¹This article found the attention of Michael E. Woods, Associate Professor of History at Marshall University. Professor Woods is at work on a book entitled The Business of Bigotry: John Van Evrie and the Rise of a Racist Publishing Empire. Thanks to the expert assistance of librarians at Hobart and William Smith Colleges, he recently uncovered a letter written by Van Evrie during his studies at Geneva Medical College. Woods has also confirmed that Van Evrie served in the Mexican War as a surgeon. Woods is planning a research trip this summer to western New York, including his own visit to Van Evrie’s grave in Mt. Hope Cemetery.
POSTSCRIPT I:
After researching the piece, I spoke with Professor Melissa Stein (Measuring Manhood) at the University of Kentucky. Stein provides us with more historical context in which to assess Van Evrie and his place in Rochester history. Melissa thanks Rebecca Scales, a classmate from graduate school and now a Professor of History at RIT, who took the Mt. Hope cemetery photos.
Referring to Van Evries’s tombstone, Melissa concludes: Put a plaque next to his grave acknowledging this part of American history, even as we continue to celebrate his contemporaries who fought to change it.
While it is tempting to think of John Van Evrie as the nineteenth-century equivalent of the bombastic uncle at Thanksgiving dinner spewing racist vitriol that everyone ignores, in fact Van Evrie was well within the mainstream of his time. In the nineteenth century, physicians and scientists were widely considered experts on race, which they had constructed as a biologically-based category of difference. Even when people challenged particular claims made by ethnologists (as the “scientists of race” were called at the time) like Van Evrie, they rarely challenged their authority over racial matters. Van Evrie had numerous platforms to espouse his views, and his treatises were widely cited by other ethnologists as well as politicians.
It may be equally tempting to think that Van Evrie was driven out of Rochester for much of his life because of his racist views, but that is unlikely.
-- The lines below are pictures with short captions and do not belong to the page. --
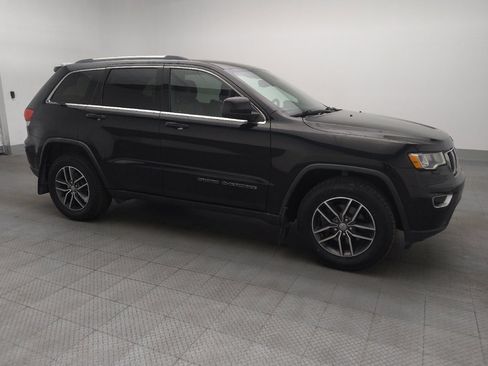 Used 2018 Jeep Grand Cherokee Laredo image 11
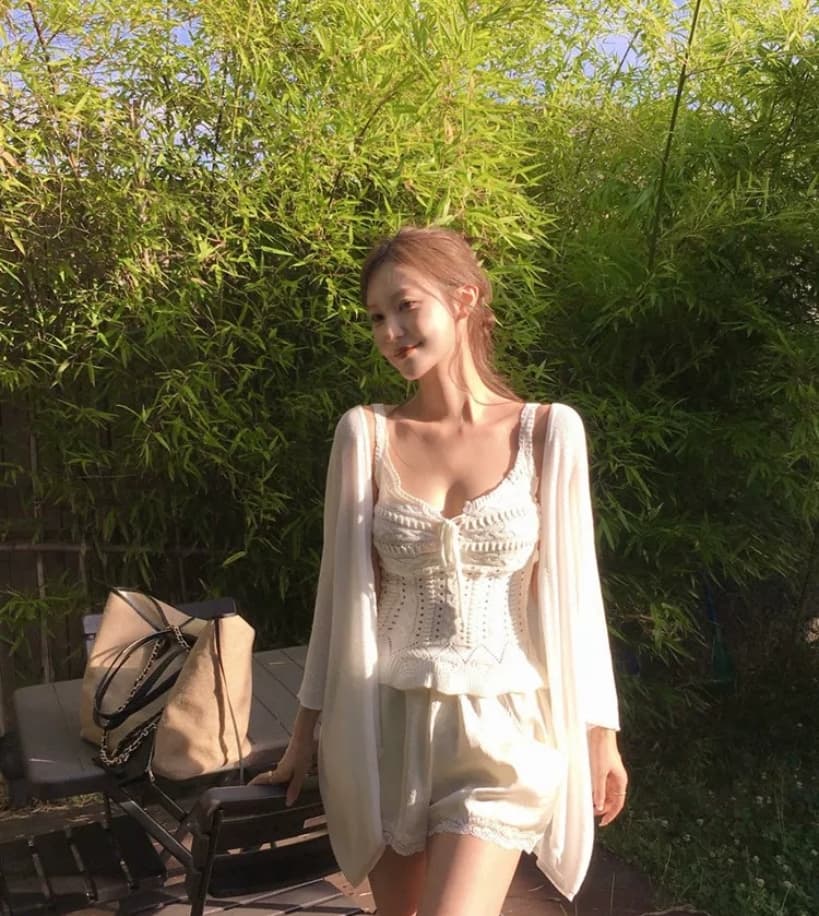 있음 선적 한국 ins 패션 레이스업 빅 브이 넥 패턴 짜임 니트 캐미솔 상세 이미지 4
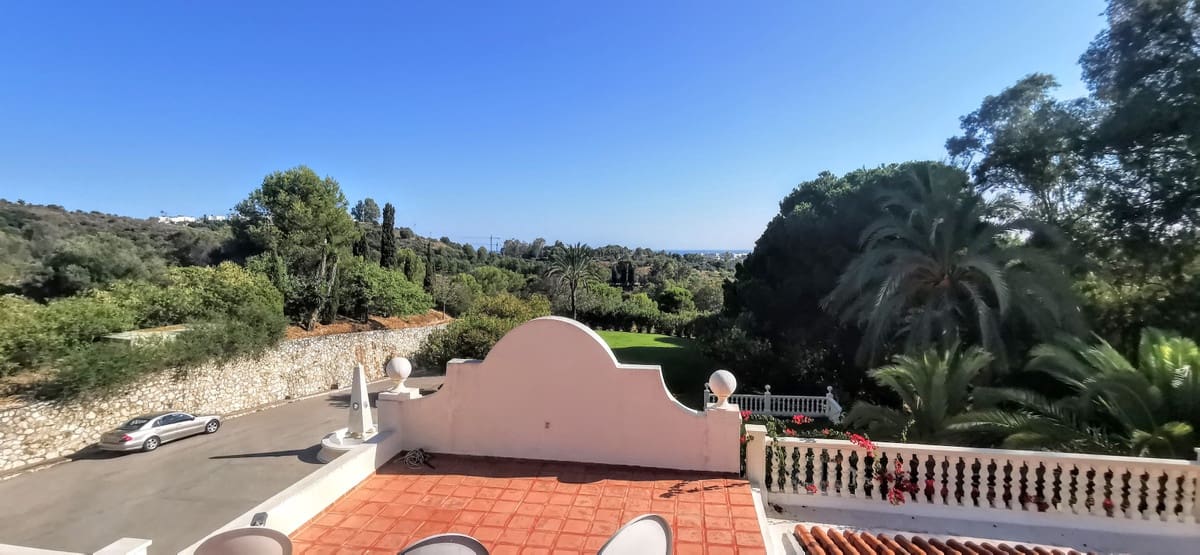 9 soverom Villa til salgs i Golden Mile med svømmebasseng garasje - € 10 500 000 (Ref: 8529540)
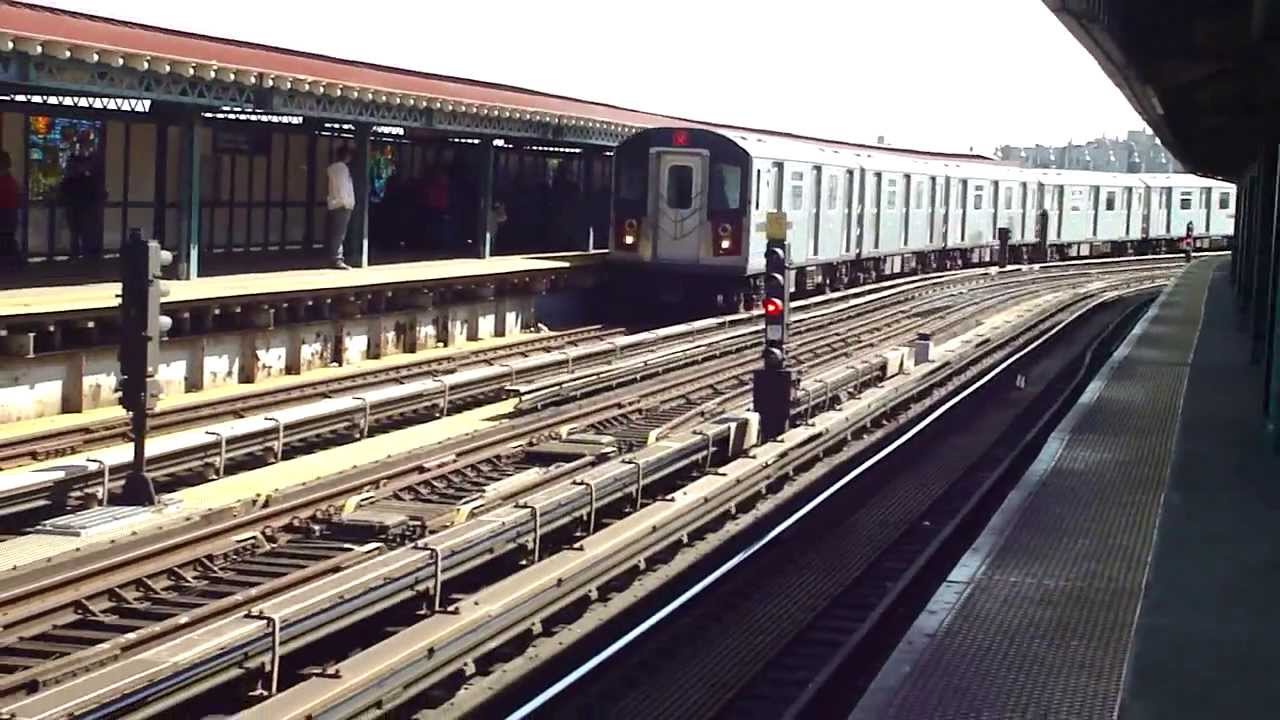 IRT White Plains Rd Line R142 2 & 5 Trains at West Farms Sq East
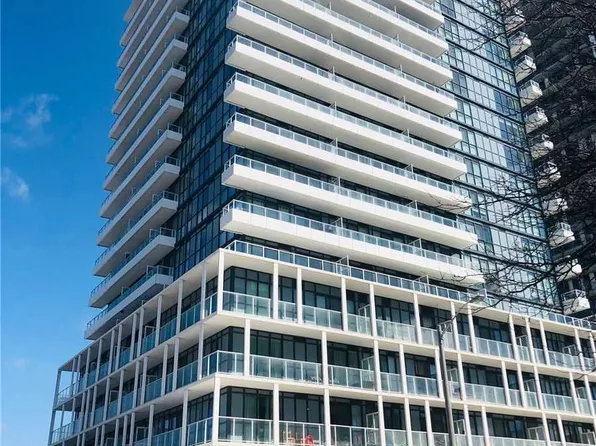 180 Fairview Mall Dr, Toronto, ON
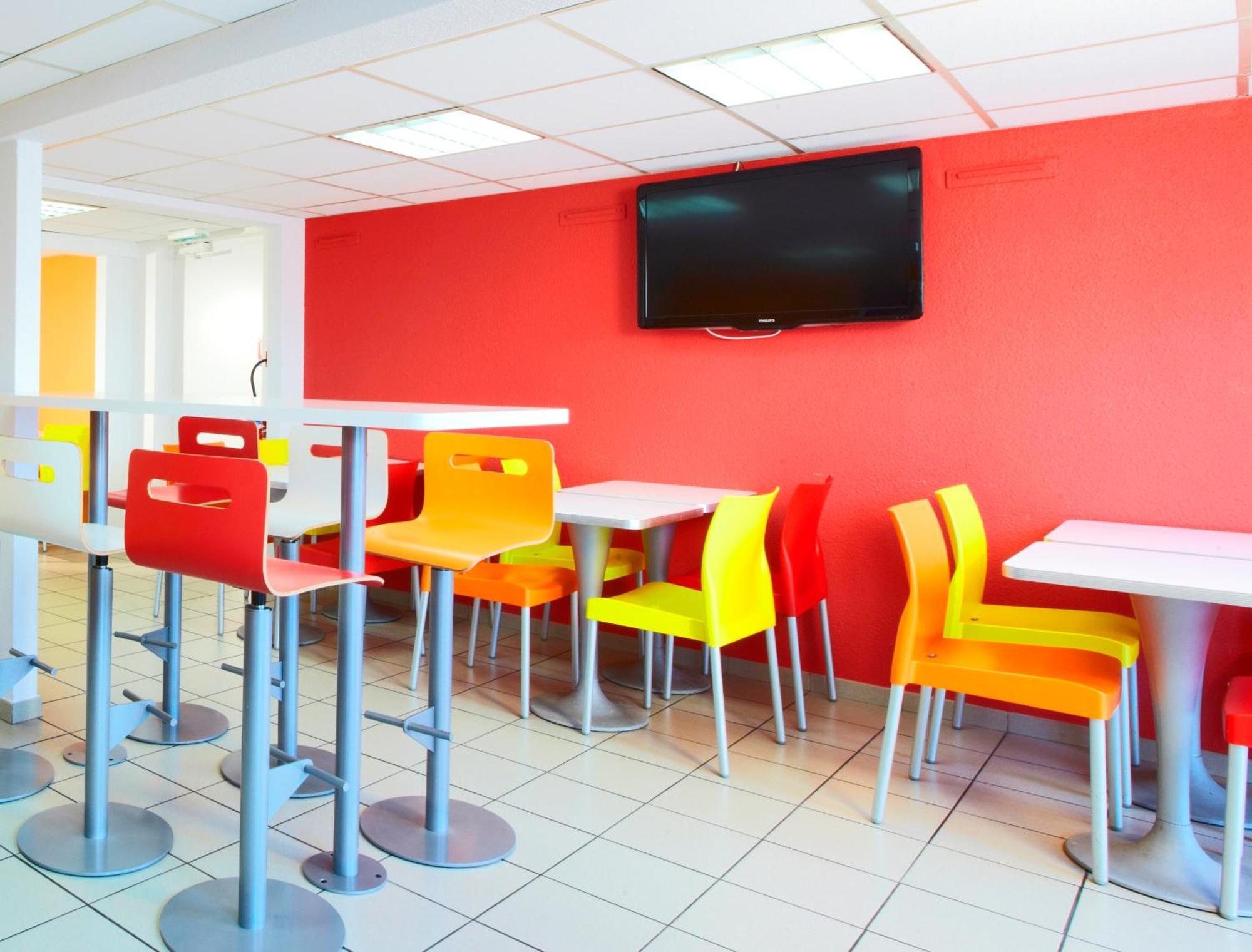 Premiere Classe Montreuil Montreuil (Seine-Saint-Denis) Exterior foto The interior of a typical McDonald's restaurant
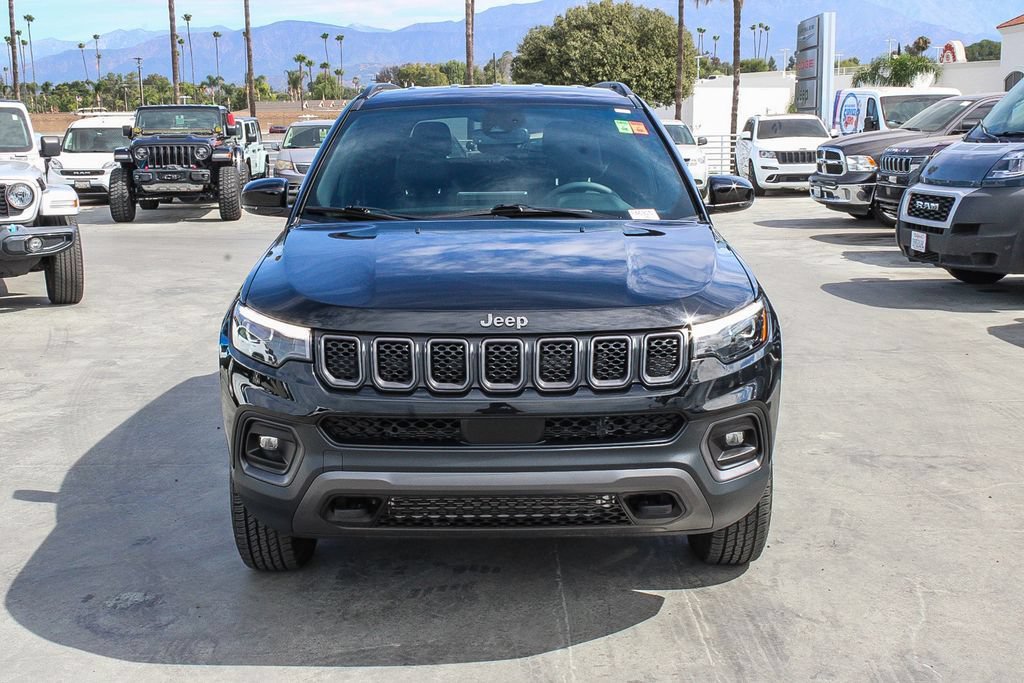 Used 2023 Jeep Compass Trailhawk w/ Trailhawk Elite Group AWD/4WD image 3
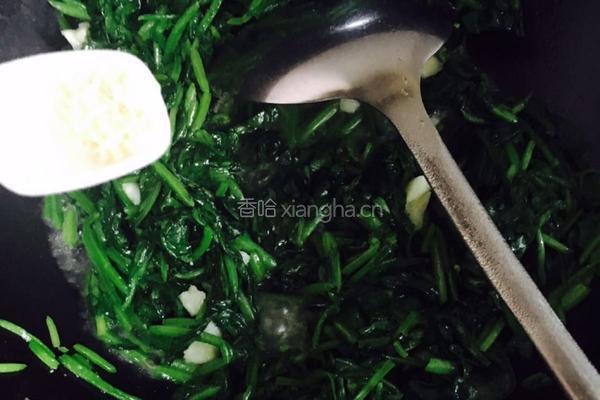 炒菠菜的做法图解7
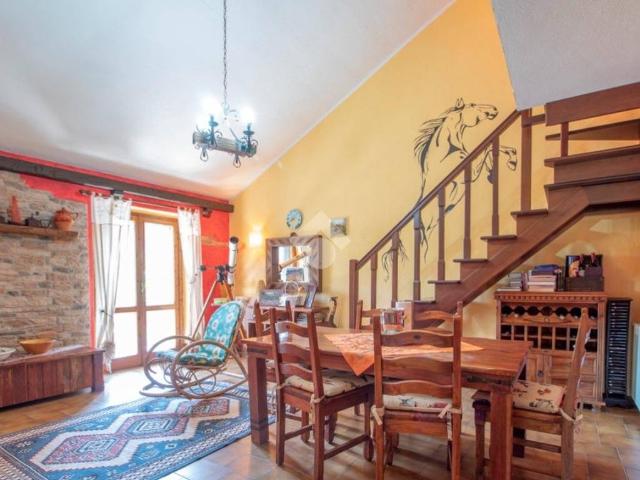 Villa in vendita a Borbona RI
It is more likely that he moved to New York — where he was living when he self-published his proslavery pamphlets — to broaden his medical practice. And more to the point, Rochester was no different than other northern cities in the nineteenth century — ripe with apparent contradictions in regards to race. Like Rochester, Philadelphia for example boasted a thriving abolitionist movement and influential free black community, but was also a center of ethnological thought. Home to a large number of medical and scientific institutions, the city gave rise to figures like Samuel Morton, whose work on human skulls helped popularize the ethnological theory of polygenesis, or the belief that the black and white races originated separately and represented entirely different species. Similarly, just last spring, New York City removed the statue of J. Marion Sims that long stood in Central Park. A contemporary of Van Evrie’s who lived and practiced in Manhattan at the same time he resided there (though it is unclear if they knew each other personally), Sims has long been lauded as the “father of modern gynecology,” and more recently, a painful symbol of America’s history of medical and scientific racism. Much of the techniques he developed were at the expense of several enslaved black women on whom he experimented, often performing surgical procedures on them without anesthesia or consent.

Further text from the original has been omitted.